Tony J. Hunt, President and Chief Executive Officer said, “I’m
really pleased with our flexibility and performance during the
first quarter, while adapting to the challenging economic
environment. We exceeded our financial goals, reporting record
quarterly revenue and organic growth of 16% backed by strong order
demand. The story of the quarter was the continued momentum at gene
therapy accounts and strength in our chromatography and filtration
franchises, with our proteins business performing above
expectations.”
Mr. Hunt added, “The majority of our focus in Q1 and here again
in Q2 is on employee health and safety while working together to
keep our factories and supply chain fully open and operational
during the COVID-19 pandemic. The dedication of our employees
has been remarkable, and I especially want to thank those in our
manufacturing and customer-facing organizations who have helped
deliver on our commitments.

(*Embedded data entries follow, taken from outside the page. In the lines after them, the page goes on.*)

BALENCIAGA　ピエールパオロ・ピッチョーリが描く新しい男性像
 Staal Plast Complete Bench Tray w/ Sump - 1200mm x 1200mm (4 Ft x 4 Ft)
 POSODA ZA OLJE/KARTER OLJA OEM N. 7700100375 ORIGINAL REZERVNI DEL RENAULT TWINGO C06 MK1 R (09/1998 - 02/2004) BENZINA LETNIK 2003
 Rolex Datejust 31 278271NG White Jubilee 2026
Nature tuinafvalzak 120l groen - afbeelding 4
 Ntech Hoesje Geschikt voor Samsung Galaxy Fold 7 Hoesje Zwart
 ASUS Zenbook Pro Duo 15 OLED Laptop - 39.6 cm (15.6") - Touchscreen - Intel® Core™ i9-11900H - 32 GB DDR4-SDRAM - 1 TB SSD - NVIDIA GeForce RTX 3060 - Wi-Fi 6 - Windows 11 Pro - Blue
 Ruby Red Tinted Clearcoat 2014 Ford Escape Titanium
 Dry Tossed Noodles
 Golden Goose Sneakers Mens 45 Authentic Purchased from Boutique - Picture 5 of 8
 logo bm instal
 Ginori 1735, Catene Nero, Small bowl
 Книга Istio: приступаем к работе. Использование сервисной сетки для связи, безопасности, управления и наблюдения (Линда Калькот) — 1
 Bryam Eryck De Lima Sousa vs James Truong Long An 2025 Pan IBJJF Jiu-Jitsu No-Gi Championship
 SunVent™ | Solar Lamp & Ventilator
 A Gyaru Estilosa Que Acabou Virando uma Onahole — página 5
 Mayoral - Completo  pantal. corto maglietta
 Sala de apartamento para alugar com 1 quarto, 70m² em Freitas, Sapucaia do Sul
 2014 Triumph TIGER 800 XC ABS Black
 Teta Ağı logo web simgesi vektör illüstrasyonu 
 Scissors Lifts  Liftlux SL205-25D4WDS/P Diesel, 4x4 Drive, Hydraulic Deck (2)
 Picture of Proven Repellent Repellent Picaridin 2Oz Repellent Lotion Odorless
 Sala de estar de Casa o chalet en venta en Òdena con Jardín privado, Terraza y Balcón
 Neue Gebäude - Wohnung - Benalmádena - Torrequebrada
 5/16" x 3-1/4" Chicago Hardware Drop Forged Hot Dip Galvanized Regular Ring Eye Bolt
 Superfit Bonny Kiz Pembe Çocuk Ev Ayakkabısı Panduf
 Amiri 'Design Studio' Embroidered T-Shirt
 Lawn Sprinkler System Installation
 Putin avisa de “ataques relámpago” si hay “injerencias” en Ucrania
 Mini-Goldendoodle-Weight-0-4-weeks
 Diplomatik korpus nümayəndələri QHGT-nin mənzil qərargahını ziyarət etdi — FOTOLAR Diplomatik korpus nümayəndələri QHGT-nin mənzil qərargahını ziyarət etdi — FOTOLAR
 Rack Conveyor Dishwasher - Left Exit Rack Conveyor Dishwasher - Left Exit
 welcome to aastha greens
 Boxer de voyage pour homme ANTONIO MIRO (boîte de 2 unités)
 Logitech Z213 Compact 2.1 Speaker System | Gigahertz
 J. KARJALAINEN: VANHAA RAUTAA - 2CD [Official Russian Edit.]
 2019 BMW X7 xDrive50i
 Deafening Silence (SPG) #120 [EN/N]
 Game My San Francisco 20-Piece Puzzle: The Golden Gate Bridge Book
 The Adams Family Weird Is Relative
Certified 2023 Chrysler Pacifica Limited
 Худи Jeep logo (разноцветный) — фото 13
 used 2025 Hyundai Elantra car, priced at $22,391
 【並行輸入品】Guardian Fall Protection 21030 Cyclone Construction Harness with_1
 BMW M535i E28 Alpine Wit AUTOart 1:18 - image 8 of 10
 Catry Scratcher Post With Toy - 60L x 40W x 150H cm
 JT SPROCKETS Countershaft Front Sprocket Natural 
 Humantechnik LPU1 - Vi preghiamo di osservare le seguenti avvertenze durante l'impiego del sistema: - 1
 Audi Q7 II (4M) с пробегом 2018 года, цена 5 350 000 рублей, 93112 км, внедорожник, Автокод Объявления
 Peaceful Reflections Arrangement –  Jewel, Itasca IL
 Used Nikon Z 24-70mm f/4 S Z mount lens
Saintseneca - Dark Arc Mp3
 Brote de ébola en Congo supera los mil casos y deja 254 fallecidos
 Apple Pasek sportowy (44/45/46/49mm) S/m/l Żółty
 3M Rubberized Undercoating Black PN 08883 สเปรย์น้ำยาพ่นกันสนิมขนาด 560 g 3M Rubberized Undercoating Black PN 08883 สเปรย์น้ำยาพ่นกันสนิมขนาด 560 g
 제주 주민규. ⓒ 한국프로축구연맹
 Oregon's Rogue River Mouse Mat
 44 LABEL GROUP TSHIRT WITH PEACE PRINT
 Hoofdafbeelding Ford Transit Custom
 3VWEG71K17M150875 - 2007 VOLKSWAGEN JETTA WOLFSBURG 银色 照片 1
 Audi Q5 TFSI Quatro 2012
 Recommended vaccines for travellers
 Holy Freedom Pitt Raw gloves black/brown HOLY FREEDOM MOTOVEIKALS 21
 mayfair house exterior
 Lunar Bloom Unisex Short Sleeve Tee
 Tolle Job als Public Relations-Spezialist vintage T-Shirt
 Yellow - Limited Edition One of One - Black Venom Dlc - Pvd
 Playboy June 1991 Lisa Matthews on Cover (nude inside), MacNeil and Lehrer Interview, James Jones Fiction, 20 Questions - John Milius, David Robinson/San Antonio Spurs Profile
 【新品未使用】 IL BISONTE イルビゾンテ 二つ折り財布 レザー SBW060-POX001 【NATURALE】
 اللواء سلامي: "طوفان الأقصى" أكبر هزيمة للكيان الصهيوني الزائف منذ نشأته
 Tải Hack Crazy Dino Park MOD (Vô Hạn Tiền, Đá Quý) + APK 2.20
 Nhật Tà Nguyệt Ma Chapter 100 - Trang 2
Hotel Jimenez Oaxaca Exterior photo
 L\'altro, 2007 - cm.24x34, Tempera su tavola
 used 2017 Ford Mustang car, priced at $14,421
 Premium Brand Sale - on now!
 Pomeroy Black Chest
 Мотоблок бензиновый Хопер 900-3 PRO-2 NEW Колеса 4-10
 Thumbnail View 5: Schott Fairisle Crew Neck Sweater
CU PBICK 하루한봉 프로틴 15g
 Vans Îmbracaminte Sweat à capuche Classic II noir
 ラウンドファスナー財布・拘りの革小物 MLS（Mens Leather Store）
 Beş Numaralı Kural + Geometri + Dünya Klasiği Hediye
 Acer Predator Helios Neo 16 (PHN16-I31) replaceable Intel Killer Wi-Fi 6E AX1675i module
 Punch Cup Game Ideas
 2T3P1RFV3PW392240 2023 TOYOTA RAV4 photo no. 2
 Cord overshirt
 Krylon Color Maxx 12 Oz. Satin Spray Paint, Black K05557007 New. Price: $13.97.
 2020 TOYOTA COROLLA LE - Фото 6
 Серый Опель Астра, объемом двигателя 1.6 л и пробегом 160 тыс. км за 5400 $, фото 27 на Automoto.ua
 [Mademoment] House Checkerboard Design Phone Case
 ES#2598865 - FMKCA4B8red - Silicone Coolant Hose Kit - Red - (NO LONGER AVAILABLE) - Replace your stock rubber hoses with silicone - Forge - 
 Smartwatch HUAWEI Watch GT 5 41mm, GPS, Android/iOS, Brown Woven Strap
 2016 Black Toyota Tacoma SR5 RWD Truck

While there are clearly uncertainties
as to how the year plays out, we remain optimistic about 2020 as we
execute on our strategy of bringing new products to market, further
developing the gene therapy space and continuing to pace our
investments as we expand our manufacturing capacity.”
Financial Highlights for the First
Quarter 2020
- Revenue increased by 25% year-over-year as reported and 16%
organically, to $76.1 million
- GAAP gross margin increased to 58.0%, a year-over-year increase
of 220 bps
- Adjusted gross margin (non-GAAP) increased to 58.5%, a
year-over-year increase of 250 bps
- GAAP fully diluted EPS increased to $0.18 compared to $0.17 for
the first quarter of 2019
- Adjusted fully diluted EPS (non-GAAP) increased to $0.32
compared to $0.26 for the first quarter of 2019
Financial Details for the First Quarter
2020
REVENUE
- Total revenue for the first quarter of 2020 increased to $76.1
million compared to $60.6 million for the first quarter of 2019, a
year-over-year gain of 25% as reported and 26% at constant
currency, with organic growth of 16%.
GROSS PROFIT and GROSS MARGIN
- Gross profit (GAAP) for the first quarter of 2020 was $44.1
million, a year-over-year increase of $10.3 million and
representing 58.0% gross margin.
- Adjusted gross profit (non-GAAP) for the first quarter of 2020
was $44.5 million, a year-over-year increase of $10.6 million and
representing 58.5% gross margin.
OPERATING INCOME
- Operating income (GAAP) for the first quarter of 2020 was $11.9
million compared to $11.2 million for the first quarter of
2019.
- Adjusted operating income (non-GAAP) for the first quarter of
2020 was $18.3 million, an increase of 18% compared to $15.6
million for the first quarter of 2019.
NET INCOME
- Net income (GAAP) for the first quarter of 2020 was $9.8
million, an increase of 22% compared to $8.1 million for the first
quarter of 2019.
- Adjusted net income (non-GAAP) for the first quarter of 2020
was $16.8 million, an increase of 37% compared to $12.2 million for
the first quarter of 2019.
EARNINGS PER SHARE
- Earnings per share (GAAP) for the first quarter of 2020 were
$0.18 on a fully diluted basis, compared to $0.17 for the first
quarter of 2019.
- Adjusted EPS (non-GAAP) for the first quarter of 2020 were
$0.32 on a fully diluted basis, compared to $0.26 for the 2019
period.
EBITDA
- EBITDA, a non-GAAP financial measure, for the first quarter of
2020 was $18.7 million compared to $15.7 million for the first
quarter of 2019.
- Adjusted EBITDA for the first quarter of 2020 was $21.2
million, an increase of 21% compared to $17.5 million for the first
quarter of 2019.
CASH
- Our cash and cash equivalents at March 31, 2020 were $529.5
million, an increase of $1.1 million from $528.4 million at
December 31, 2019.
All reconciliations of GAAP to adjusted
(non-GAAP) figures above, as well as EBITDA to adjusted EBITDA, are
detailed in the reconciliation tables included later in this press
release.
Financial Guidance for 2020
Our financial guidance for the fiscal year 2020 is based on
expectations for our existing business and includes the financial
impact of our acquisition of C Technologies (which closed on May
31, 2019). The guidance below excludes the impact of potential
additional acquisitions and future fluctuations in foreign currency
exchange rates.
FISCAL YEAR 2020 GUIDANCE:
- We are maintaining our previous guidance for revenue in the
range of $309-$319 million, reflecting overall revenue growth of
14%-18% and organic growth of 10%-14%.
- Gross margin is expected to be 56%-57% on both a GAAP and
non-GAAP basis, an increase from our previous guidance of
55%-56%.
- Income from operations is expected to be in the range of
$52-$56 million on a GAAP basis, an increase from our previous
guidance of $50-$54 million. Adjusted (non-GAAP) income from
operations is expected to be in the range of $72-$76 million, an
increase from our previous guidance of $70-$74 million.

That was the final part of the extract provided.